Effortless speed is also the trademark of Life Is Good, just as it was with Authentic. And while the Horse of the Year has definitively confirmed their sire's eligibility as a Classic influence, in tandem with the upgrading of his mares, Life Is Good has also shown something of the mental immaturity we saw this time last year. Authentic, crucially, was indulged with a September Derby but this time round the race will, we trust, be run at its customary date. Life Is Good was conspicuously granted a clear run last week and, while he took freakish advantage, we'll have to see whether he will know how to respond when stretching out against 19 hostile rivals.

Life Is Good, who was sold as a yearling, and the homebred Concert Tour are both graduates of a program that notoriously has unfinished business with the GI Kentucky Derby.

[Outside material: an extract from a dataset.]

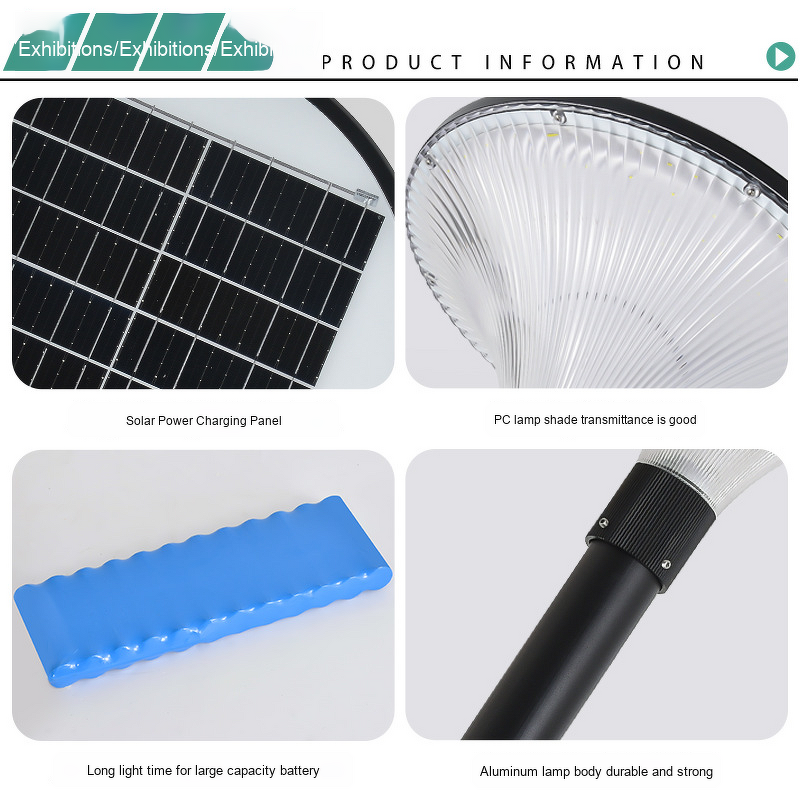 Solar Garden Light Supplier - OEM 5W IP65 Aluminum Super Bright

In returning to Oaklawn, Gary and Mary West will remember the day their whole Turf adventure hit a different key, 28 years ago, with the 108-1 rock-your-world success of Rockamundo (Key to the Mint) in the Arkansas Derby. That horse was saddled by Ben Glass, who was fortunately persuaded to stay on as racing manager when deciding to quit training a couple of years later. When this team started out, they were claiming horses for $2,500 at places like Grand Island, Nebraska; and, in the convincing testimony of Glass, their experiences on a long road since have cultivated in his patrons' exemplary standards of stoicism and attention to welfare.

He remembers when they went to the barns at 5 a.m. to see Buddha (Unbridled's Song) on the eve of the 2002 Derby. This was after the Wests had begun to raise the stakes: Glass had picked him out as a $250,000 yearling, and he had beaten Medaglia d'Oro in the GI Wood Memorial. And here was the second favorite for the Derby emerging from his stall, the morning before the race, holding off his left fore. An immediate scratch. Glass couldn't believe how Gary West took it on the chin. He just shrugged and said: “Well, I'm going back to bed.”

Ben Glass with Gary West | Sid Fernando photo

So the Wests and Glass had seen it all by the time they took Maximum Security (New Year's Day) to Churchill a couple of years ago. Or so they thought. No need, here, to reprise everything that happened then, and subsequently. Suffice to say that a) Thoroughbreds never cease schooling us in adversity; and b) whatever the rights and wrongs of Maximum Security's Derby, and indeed of his trainer at the time, we can all be grateful to the Wests for the priorities driving their program. Because the two races they most covet are the Derby and the Travers, and their investment in the type of Thoroughbred best adapted to those historic measures of the two-turn sophomore will only serve the breed well.

That's why it's always so edifying to review the purchases made by Glass at the September Sale. You won't see him joining the witless stampede for rookie sires whose averages will almost invariably never be so high again. Last year, he bought 15 colts catalogued from 29 to 2186, for between $65,000 and $360,000: two apiece by Blame, Distorted Humor, Flatter, Street Sense and Union Rags; plus one by Candy Ride (Arg), Empire Maker, Ghostzapper, Quality Road and Uncle Mo.

'TDN Rising Star' Concert Tour upon arrival at Oaklawn this week | Coady

Concert Tour is out of a Tapit mare, giving the Gainesway phenomenon yet another foothold in this year's Derby quest. So, again like Nadal, he looks bred to relish this second turn after showing his raw class sprinting. Certainly the Wests will be hoping to efface that nose defeat for their reappearing champion Game Winner (Candy Ride {Arg}) in this race two years ago.

Game Winner subsequently passed the post sixth in the Derby, after a messy trip. That kind of thing rather goes with the territory, you would say, and let's hope nobody congratulated his owners on his promotion to fifth. Unfortunately Game Winner only managed one more start, though kept in training at four; but even that was one more than Buddha, after he was found to be lame that Friday morning. To that extent, we must hope that Concert Tour ceases to impersonate Nadal after the Arkansas Derby. Because you can safely say that this would be a Rebel winner with a cause.